1/12/2005

Arianna Tees Off Again

She asserts:
"Near the beginning of "Saturday Night Fever," John Travolta's Tony Manero, frustrated that his boss thinks he should save his salary instead of spending it on a new disco shirt, cries out, "F--- the future!" To which his boss replies: "No, Tony, you can't f--- the future. The future f---s you! It catches up with you and it f---s you if you ain't prepared for it!"
Well, I don't know if you've noticed, but America has morphed into a nation of Tony Maneros -- collectively dismissing the future. And nowhere is this mindset more prevalent than at the Bush White House, which is unwavering in its determination to ignore the future.
The evidence is overwhelming. Everywhere you look, it's IOUs passed on to future generations. Record federal debt. Record foreign debt. Record budget deficits. Record trade deficits. You see the same attitude when it comes to energy policy, health care, education, Social Security and especially the environment -- with the Bushies redoubling their efforts to make the world uninhabitable as fast as possible. And the even bigger problem? They don't see this as a problem. In fact, it actually all may be an essential part of the plan.
If this last sentence doesn't make a wit of sense to you, then you are clearly not one of the 50 million Americans who believe in some form of End-Time philosophy, an extreme evangelical theology that embraces the idea that we are fast approaching the end of the world, at which point Jesus will return and carry all true believers -- living and dead -- up to heaven ("the Rapture"), leaving all nonbelievers on earth to face hellfire and damnation ("the Tribulation"). Christ and his followers will then return to a divinely refurbished earth for a thousand-year reign of peace and love.
In other words, why worry about minor little details like clean air, clean water, safe ports and the safety net when Jesus is going to give the world an "Extreme Makeover: Planet Edition" right after he finishes putting Satan in his place once and for all?
End-Timers have repeatedly made the "Left Behind" series of apocalyptic books among America's best-selling titles, with over 60 million copies sold. And they have also spawned a mini-industry of imminent doomsday Web sites like ApocalypseSoon.org and Raptureready.com. Now I'm not saying that Bush is a delusion-driven End-Timer. But he and his crew are certainly acting as if that's the case.

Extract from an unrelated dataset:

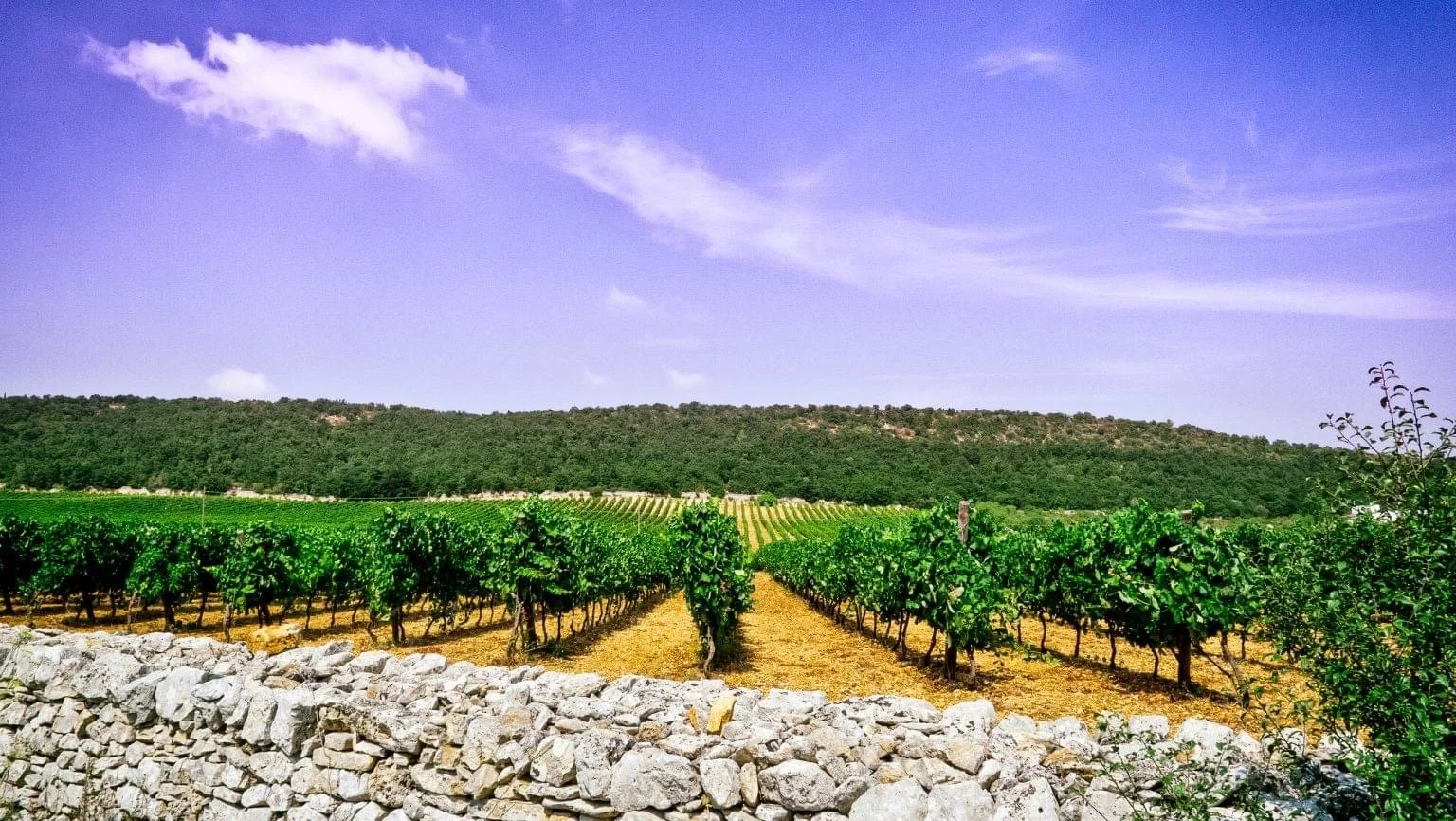 Friday Flight: Puglia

Take the jaw-dropping federal debt, which currently stands at $4.3 trillion. Vice President Cheney shrugged, took a hearty swig of the End-Time Kool-Aid, and announced that the administration wants another round of tax cuts. Then there's our trade deficit, which ballooned to a record $165 billion in the third quarter of 2004, when imports exceeded exports by 54 percent. Thanks to this imbalance, America is racking up a staggering $665 billion in additional foreign debt every year -- that's $5,500 for every U.S. household -- and placing our future economic security in the hands of others. Here is Bush's response to this daunting prospect: "People can buy more United States products if they're worried about the trade deficit." Sounds like he's really got it under control. Also, the White House is promoting a similar "What Me Worry?" attitude with our live-for-the-moment energy policy.
The president's full-bore assault on the environment is best summed up by Sen. Jim Jeffords, the ranking minority member on the Environment and Public Works Committee: "I expect the Bush Administration will go down in history as the greatest disaster for public health and the environment in the history of the United States."
That said, it's not hard to see why Bush has hopped aboard the Apocalypse Express. Acting like there's no tomorrow dovetails just as neatly with his corporate backers' rapacious desires as it does with his evangelical backers' rapturous desires. It offers him a political twofer: placating his corporate donors while winning the hearts and votes of the true believers who helped the president achieve a Second Coming of his own. No small miracle, given his record.
All this represents a seismic shift in our cultural outlook. Since our founding, the American ethos has been forward-looking, geared to a bountiful future, with each generation of parents working as hard as they can to ensure a better life for their children. Those days are clearly gone. And it has put our entire civilization at grave risk -- a point echoed with great clarity by Jared Diamond, whose new book, "Collapse," looks at the reasons why so many great civilizations of the past have failed.
Although Diamond offers a range of reasons why these societies collapsed, one message comes through loud and clear: We've got to stop living like there is no tomorrow, or "f--- the future" will become a self-fulfilling prophecy.